WHAT THE EXERCISE ASKS —
Among the lines below, restate word for word only those from the line with "В БелГУ открылась фотовыставка" through the line with "Used-2006-Ferrari-F430", with both end lines kept.

MATERIAL FOR THIS EXERCISE —
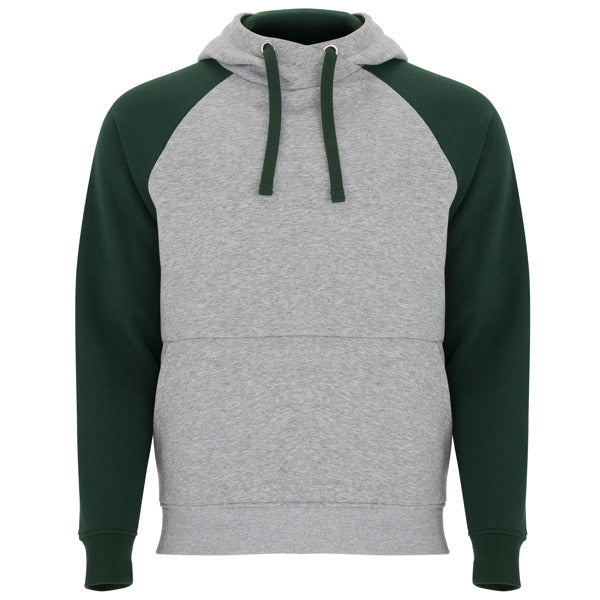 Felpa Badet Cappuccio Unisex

--

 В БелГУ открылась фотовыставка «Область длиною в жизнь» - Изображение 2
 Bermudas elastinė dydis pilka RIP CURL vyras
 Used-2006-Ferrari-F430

EXPECTED OUTPUT —
 В БелГУ открылась фотовыставка «Область длиною в жизнь» - Изображение 2
 Bermudas elastinė dydis pilka RIP CURL vyras
 Used-2006-Ferrari-F430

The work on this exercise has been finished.